Living standards will almost certainly be better for the next generation – so why is there a correlation between prosperity and pessimism?
The official statistics are clear. Our generation is better off, safer and destined to live longer than our parents’ generation – and probably than any preceding generation. True, living standards in Britain and many other countries have stalled in the past few years, but this doesn’t invalidate the larger truth. And even if the long-term growth rate is just 2% a year, living standards generally will double in the next 35 years. We ought to be optimistic about the long-term future, hover much we fear short-term austerity.
Yet that’s not how people in much of the world feel. YouGov has conducted a seven-nation study for the Legatum think tank. We asked people whether they agreed or disagreed with a number of statements. Much of the study concerned attitudes to capitalism. But one question raised a larger issue. We asked people whether they agreed or disagreed that ‘the next generation will probably be richer, safer and healthier than the last’.

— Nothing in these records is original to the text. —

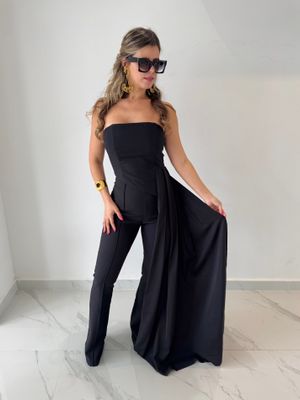 Black Elegant Pant Set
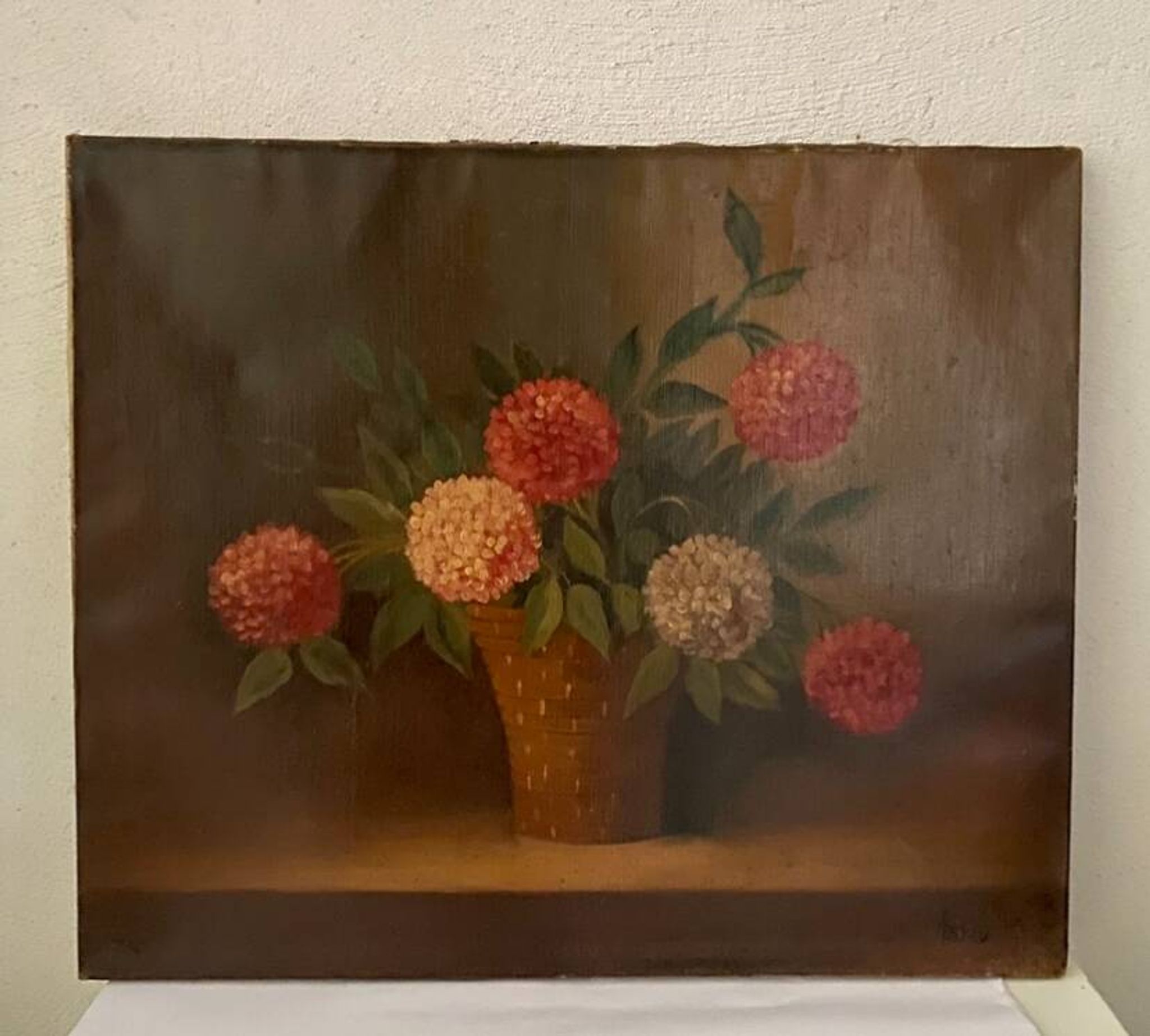 Huile nature morte sur toile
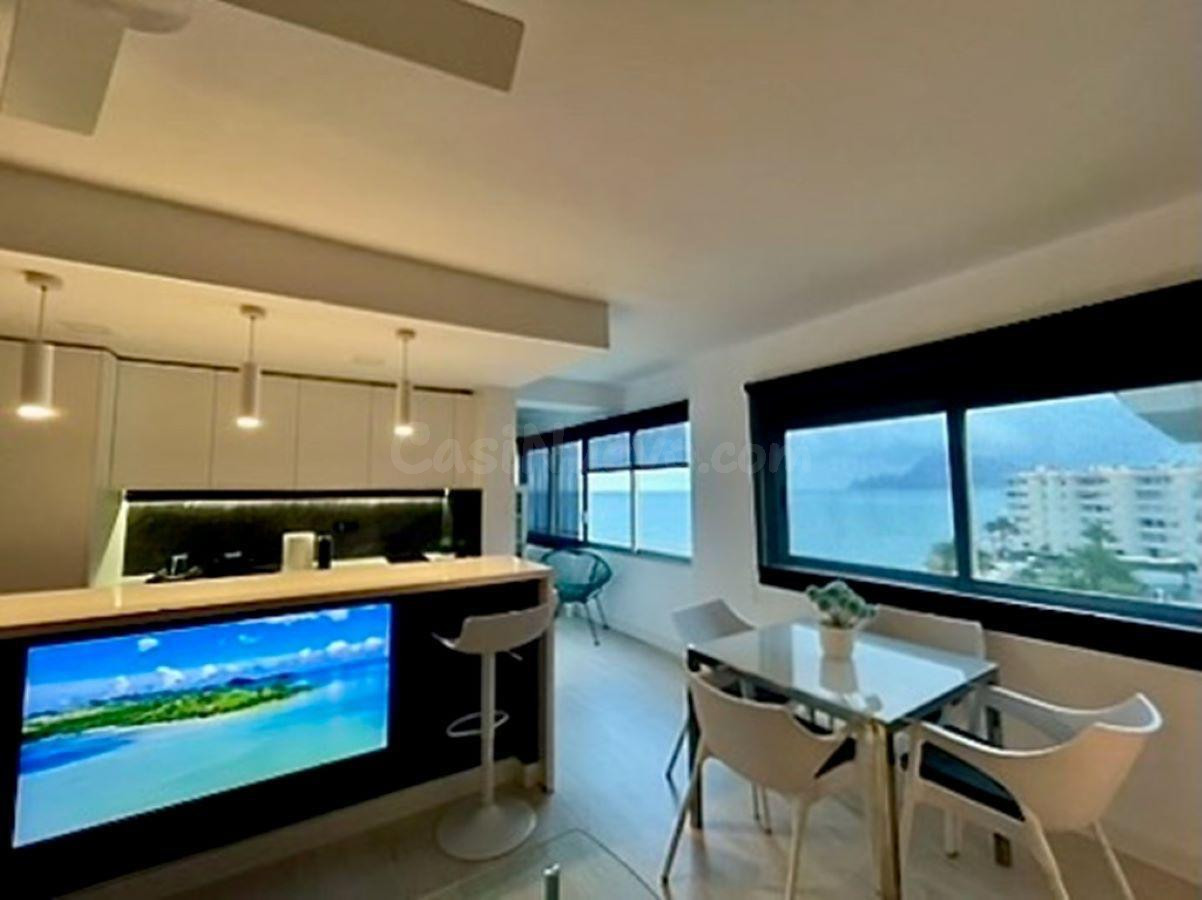 VENTA O ALQUILER DE TEMPORADA (POR MESES) Apartamento en primera línea – La Olla de Altea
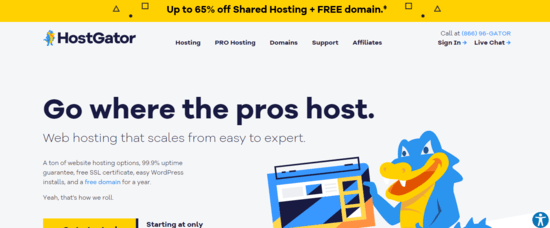 HostGator Official Website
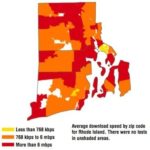 R.I. has fastest Internet speeds in U.S. THE MAP ABOVE SHOWS which areas of Rhode Island have the fastest Internet speeds. /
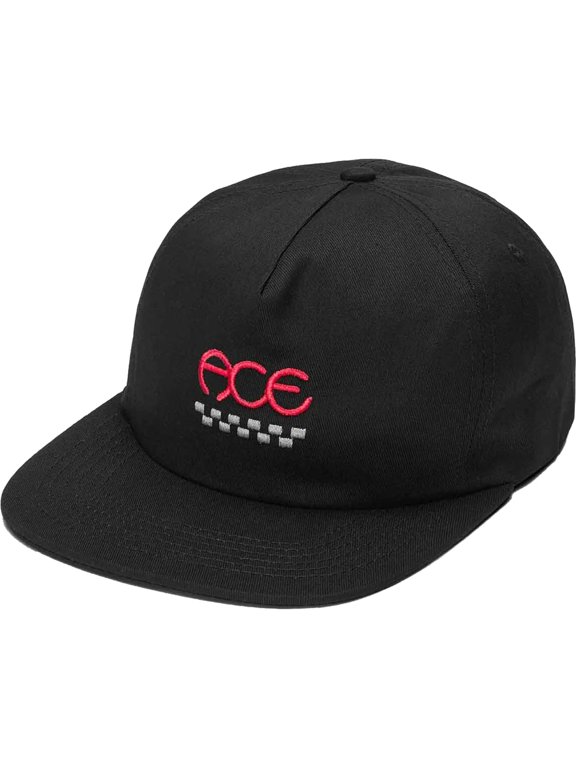 Ace Finish 5 Panel Adjustable Hat Black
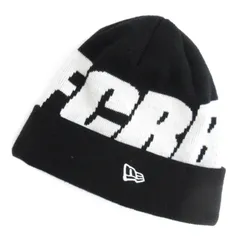 エフシーレアルブリストル F.C.Real Bristol FCRB × ニューエラ NEW ERA  BIG LOGO CUFF KNIT ビーニー ニット帽 帽子 FCRB-202080 ブラックのサムネイル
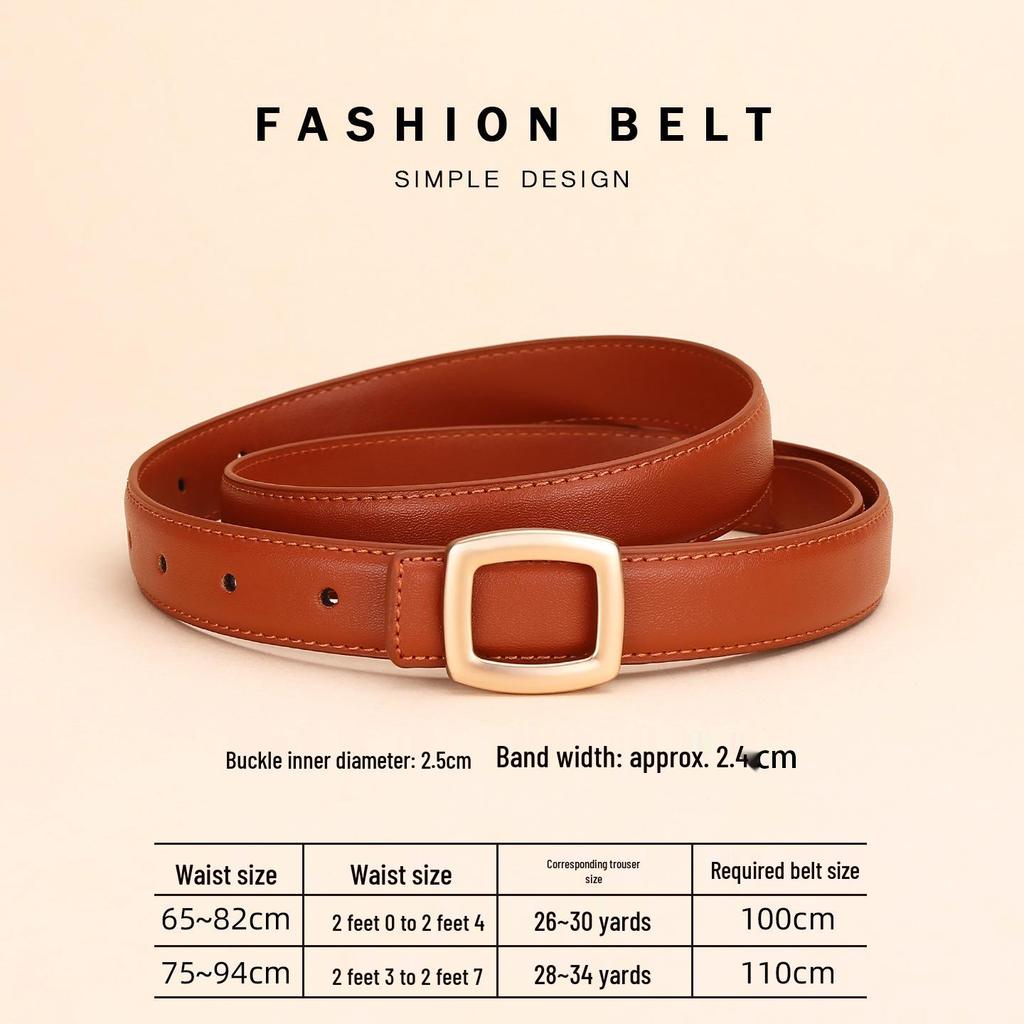 Women's Trendy Cowhide Jeans Belt - 2025 Elegant, Versatile Decorative Waistband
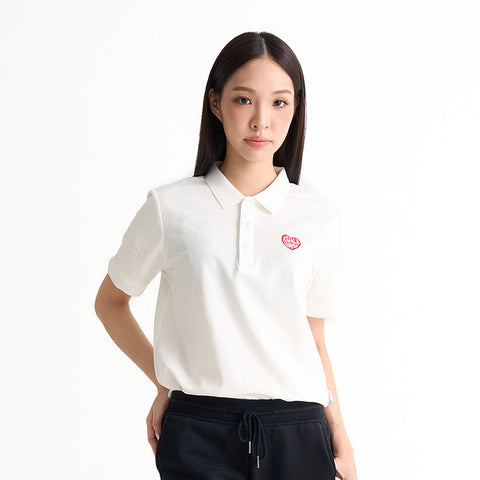 KL Heart Embroidered Polo T-Shirt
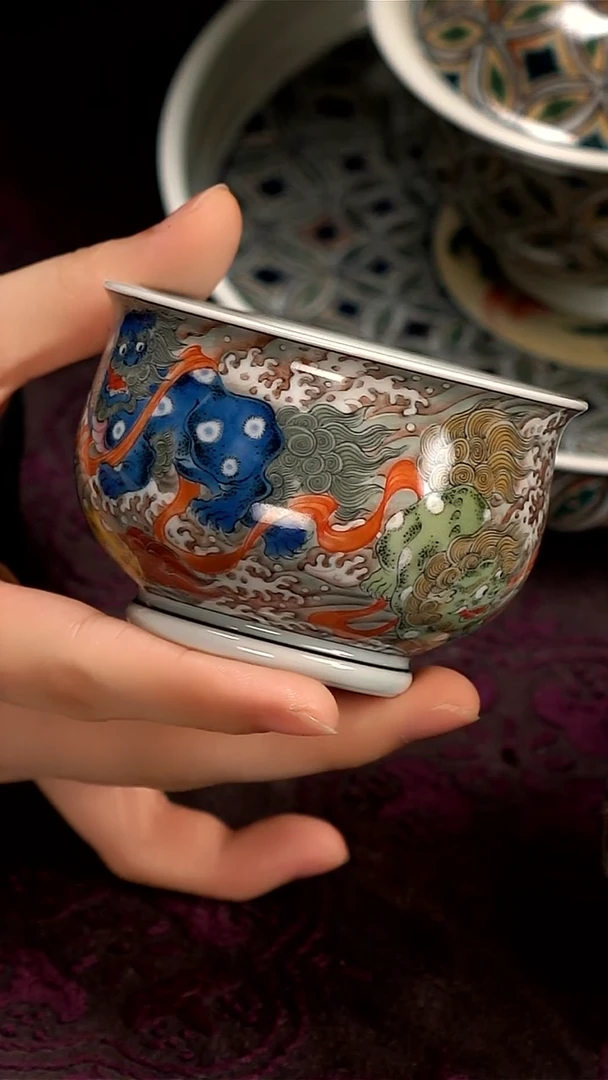 设色窑新品狮子绣球炉式杯（新品预览）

The results are ranked, from left to right, from optimism to pessimism. The most optimistic of the seven countries is India, while the most pessimistic is the United States. What is striking is that there seems to be a strong correlation between prosperity and pessimism. India is by far the poorest country in our list (per capita income, in terms of purchasing power parity, is $6,000 a year), while the US is the richest ($55,000 a year). Indeed, the gulf in optimism between the three gloomiest countries (Britain, Germany and the US) matches the gulf in income. Britain is the poorest of the rich three, with per capita PPP income of $40,000 a year, while the per capita income of the four other countries is $16,000 a year or less.
Why is this? One possible reason is that prosperity generates a fear that things could get worse – while people in poorer countries really do think that, in the words of the song adopted by Labour as its unofficial anthem in the early Blair years, ‘things can only get better’. However, I suspect that is, at most, only a partial explanation. In general, India, Thailand and Indonesia have all become significantly richer, or at least less poor, in the past 20 years or so. (Brazil sits in the middle, in terms of both economic performance and the balance of optimists and pessimists.) It is therefore more likely that their relative optimism flows less from their poverty than from a perception that things are broadly getting better and will continue to do so.
In contrast, the dearth of optimism in Britain, Germany and the US flows less from a fear that today’s good fortune might be fragile, than a sense that most of us don’t feel that things today are going that well. Past YouGov research in Britain has found consistently that, whatever the official statistics say, things have got worse in Britain in the past 20-30 years – whether in terms of living standards, the crime rate or the quality of schools and health care. Rising inequality has played a part in this. People who see the rich getting much richer are less likely to feel content if their own living standards are rising only slowly. Relative living standards within a society matter as much as, perhaps more than, absolute living standards.
This pervasive feeling of gloom in better-off countries helps to explain the rise of insurgent parties and politicians in so much of Europe – and, indeed, the US: look at the continuing popularity of Donald Trump and Ben Carson ahead of the Republican Party’s primaries. If they are to revive their fortunes, mainstream politicians need not only to present specific, effective policies on such matters as austerity and immigration. They must also persuade voters of something more fundamental: that life today is not as bad as millions of voters feel, and that the future is not as bleak as they fear – and that the fruits of growth will be shared more fairly in the next twenty years or so than they have been in the past twenty.